At any rate, these recipes are often so good they would often outshine whatever you might choose to serve with them. I  struggle to imagine how anyone who cooks from this book would not, eventually, come to the same conclusion. I only wish Smith was a little more proud of his recipes and leaned a little less heavily on the ‘side’ angle.

The focus on these dishes being sides has a wonderful side (teehee) benefit: the recipes give a lot of flavour without days of faffing around.  Constraints often produce the best innovation and solutions. So, the constraint of producing food that is nominally meant to accompany other food (and thus cannot take five days to produce) has led Smith to create really enjoyable food.

Here is what we have cooked so far:

  • Baby Pak Choi with Sticky Garlic and Ginger (a perfect simple vegetable stir fry: the garlic and ginger gives real vitality to the pak choi.)
  • Black bean, coriander and lime rice (I made this with the corn recipe below. It was a fantastic combination, and one that just demonstrates the clever way Smith thinks about food.)
  • Buttermilk, dill and soy seed wedge salad (one of the stars of this book: an incredible buttermilk dressing, pickled radishes, sticky seeds, iceberg lettuce. I want to eat this forever.)
  • Chard with chilli, shallot and cider vinaigrette (my favourite recipe of the year, I think. I have made this on so many occasions and each time I am blown away. The dressing in particular is masterful. And it has almost converted my chard-averse partner.)
  • Chicken stock and orange-braised fennel (cooked fennel is a somewhat new visitor chez nous, but it is always welcome. The orange both enhances the sweetness of the fennel but also accentuates the savoury anise notes. Delightful autumn food.)
  • Chinese cabbage with black vinegar (Outside of Asia, the wombok is criminally underappreciated. It is the most wonderful vegetable: at once deeply savoury, sweet, juicy, tender, crunchy, silky. This elegant little stir fry is rewarding.) 
  • Chorizo Roast Potatoes (How to improve a roast potato? Add chorizo it seems! Don’t eat chorizo? Investigate Julia Turschen’s kinda, sorta patas bravas.) 
  • Grilled Tenderstem Broccoli with Umami Crumbs (I challenge you to make this and not consider topping every dish with umami crumbs. It’s genius.)
  • Honey, thyme, and lime butter corn (there’s almost a south east Asian feel to this the way the sweetness of the corn and honey is contrasted with the peppy lime juice and woody notes of the thyme. Morish.)
  • Quick cucumber and daikon kimchi (I met a Korean person who was just so enthusiastic about kimchi it’s hard to eat it now without thinking of their cheerful advocacy. I think they might have been in the pocket of Big Fermented Cabbage, honestly.

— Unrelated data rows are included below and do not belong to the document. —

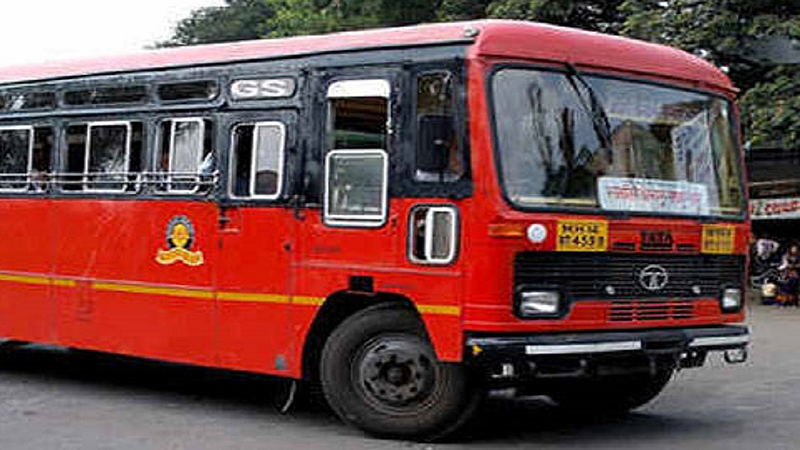 collector mishra instruct konkan people direct entry in ratnagiri district
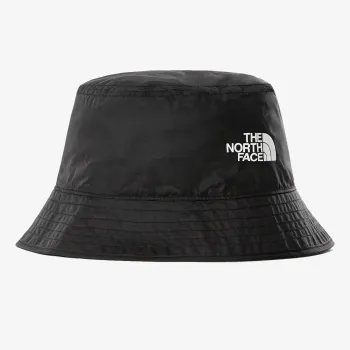 The North Face SUN STASH HAT 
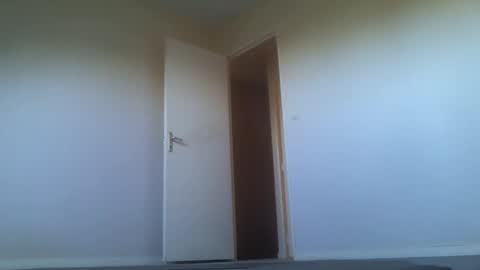 Snapshot of taliesin4321 chatting on March 9, 2026, 6:50 am Jack Pierrot online show from March 9, 2026, 6:50 am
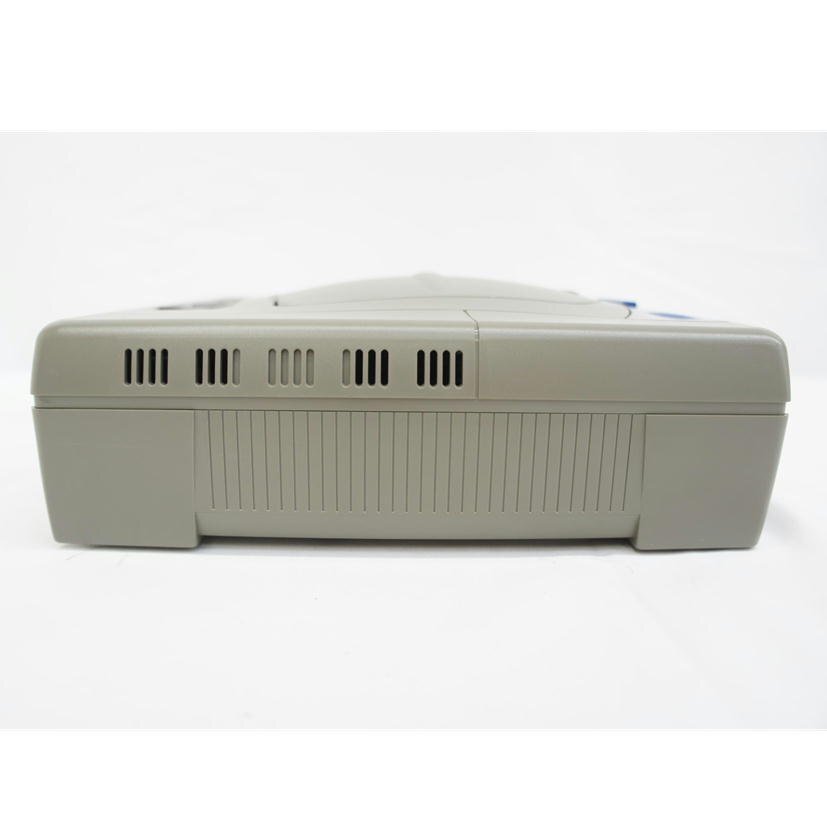 1 иен [ Junk ]SEGA Sega / Sega Saturn корпус /HST-3210/05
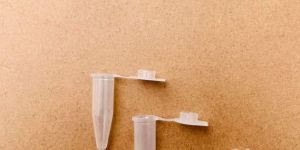 Micro Centrifuge Tubes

Whether or not they would like this quick kimchi inspired vegetable pickle I will never know, but I certainly loved it.)
  • Smacked Cucumbers (One of my favourite dishes, although I think I’m so wedded to the Fuchsia Dunlop version all others, including this variation, feel a little wan in comparison.) 

Why this book?

  • You want to improve your repertoire of sides
  • You want an excellent resource of modern vegetable-focussed dishes
  • You want to support excellent cookbook design

Score

Nigella ░░░ Donna Hay Attractive, evocative writing versus simple and direct?
Ottolenghi ░░░ Barefoot Contessa Elaborate or involved recipes versus quick and easy?
Mark Bittman ░░░░ Ferran Adrià Can you cook the food every night or is it more specialist or obscure?
Gwyneth Paltrow ░░░ Nigel Slater Do you see photos of the author or photos of the food?
#Konmari ░░░░ Summer And does it just spark joy?

This book, nominally a collection of side dishes, is a tremendous discovery and is a welcome addition to anyone’s everyday cookbook library.